### DIRECTIONS
What is needed here is an exact copy of all the entries below.

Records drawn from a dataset
──────

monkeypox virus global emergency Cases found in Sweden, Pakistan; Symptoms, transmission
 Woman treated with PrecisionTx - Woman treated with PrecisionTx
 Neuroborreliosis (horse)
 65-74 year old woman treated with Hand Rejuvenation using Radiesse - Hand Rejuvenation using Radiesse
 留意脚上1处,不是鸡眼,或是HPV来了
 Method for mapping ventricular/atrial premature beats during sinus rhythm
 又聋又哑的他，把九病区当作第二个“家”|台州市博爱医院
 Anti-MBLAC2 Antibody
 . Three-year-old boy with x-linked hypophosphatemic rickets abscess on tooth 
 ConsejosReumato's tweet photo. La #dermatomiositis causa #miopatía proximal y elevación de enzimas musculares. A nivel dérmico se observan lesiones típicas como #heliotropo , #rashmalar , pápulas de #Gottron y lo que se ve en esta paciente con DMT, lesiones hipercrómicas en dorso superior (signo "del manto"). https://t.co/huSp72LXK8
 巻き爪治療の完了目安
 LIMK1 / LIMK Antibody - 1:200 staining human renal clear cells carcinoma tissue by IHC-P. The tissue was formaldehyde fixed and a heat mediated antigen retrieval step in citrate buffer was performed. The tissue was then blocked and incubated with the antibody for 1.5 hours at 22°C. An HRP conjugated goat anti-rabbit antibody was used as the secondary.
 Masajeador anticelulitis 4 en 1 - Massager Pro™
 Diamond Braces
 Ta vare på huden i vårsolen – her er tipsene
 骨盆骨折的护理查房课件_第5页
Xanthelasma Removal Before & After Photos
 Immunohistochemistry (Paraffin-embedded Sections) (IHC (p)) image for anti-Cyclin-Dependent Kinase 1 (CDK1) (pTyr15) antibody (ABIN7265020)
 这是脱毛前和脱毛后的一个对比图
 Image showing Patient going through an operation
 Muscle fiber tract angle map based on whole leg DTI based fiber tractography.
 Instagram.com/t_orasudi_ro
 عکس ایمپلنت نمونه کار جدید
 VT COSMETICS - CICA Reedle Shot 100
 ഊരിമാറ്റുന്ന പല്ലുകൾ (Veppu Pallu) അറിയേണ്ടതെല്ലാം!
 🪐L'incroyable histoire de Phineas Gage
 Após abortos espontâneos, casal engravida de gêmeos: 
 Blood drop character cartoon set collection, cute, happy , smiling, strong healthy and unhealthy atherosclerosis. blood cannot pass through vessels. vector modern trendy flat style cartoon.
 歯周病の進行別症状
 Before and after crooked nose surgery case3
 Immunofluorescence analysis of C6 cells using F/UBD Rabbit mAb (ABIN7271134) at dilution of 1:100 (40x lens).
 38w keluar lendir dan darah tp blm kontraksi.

──────

### ANSWER FOR THIS EXERCISE
monkeypox virus global emergency Cases found in Sweden, Pakistan; Symptoms, transmission
 Woman treated with PrecisionTx - Woman treated with PrecisionTx
 Neuroborreliosis (horse)
 65-74 year old woman treated with Hand Rejuvenation using Radiesse - Hand Rejuvenation using Radiesse
 留意脚上1处,不是鸡眼,或是HPV来了
 Method for mapping ventricular/atrial premature beats during sinus rhythm
 又聋又哑的他，把九病区当作第二个“家”|台州市博爱医院
 Anti-MBLAC2 Antibody
 . Three-year-old boy with x-linked hypophosphatemic rickets abscess on tooth 
 ConsejosReumato's tweet photo. La #dermatomiositis causa #miopatía proximal y elevación de enzimas musculares. A nivel dérmico se observan lesiones típicas como #heliotropo , #rashmalar , pápulas de #Gottron y lo que se ve en esta paciente con DMT, lesiones hipercrómicas en dorso superior (signo "del manto"). https://t.co/huSp72LXK8
 巻き爪治療の完了目安
 LIMK1 / LIMK Antibody - 1:200 staining human renal clear cells carcinoma tissue by IHC-P. The tissue was formaldehyde fixed and a heat mediated antigen retrieval step in citrate buffer was performed. The tissue was then blocked and incubated with the antibody for 1.5 hours at 22°C. An HRP conjugated goat anti-rabbit antibody was used as the secondary.
 Masajeador anticelulitis 4 en 1 - Massager Pro™
 Diamond Braces
 Ta vare på huden i vårsolen – her er tipsene
 骨盆骨折的护理查房课件_第5页
Xanthelasma Removal Before & After Photos
 Immunohistochemistry (Paraffin-embedded Sections) (IHC (p)) image for anti-Cyclin-Dependent Kinase 1 (CDK1) (pTyr15) antibody (ABIN7265020)
 这是脱毛前和脱毛后的一个对比图
 Image showing Patient going through an operation
 Muscle fiber tract angle map based on whole leg DTI based fiber tractography.
 Instagram.com/t_orasudi_ro
 عکس ایمپلنت نمونه کار جدید
 VT COSMETICS - CICA Reedle Shot 100
 ഊരിമാറ്റുന്ന പല്ലുകൾ (Veppu Pallu) അറിയേണ്ടതെല്ലാം!
 🪐L'incroyable histoire de Phineas Gage
 Após abortos espontâneos, casal engravida de gêmeos: 
 Blood drop character cartoon set collection, cute, happy , smiling, strong healthy and unhealthy atherosclerosis. blood cannot pass through vessels. vector modern trendy flat style cartoon.
 歯周病の進行別症状
 Before and after crooked nose surgery case3
 Immunofluorescence analysis of C6 cells using F/UBD Rabbit mAb (ABIN7271134) at dilution of 1:100 (40x lens).
 38w keluar lendir dan darah tp blm kontraksi.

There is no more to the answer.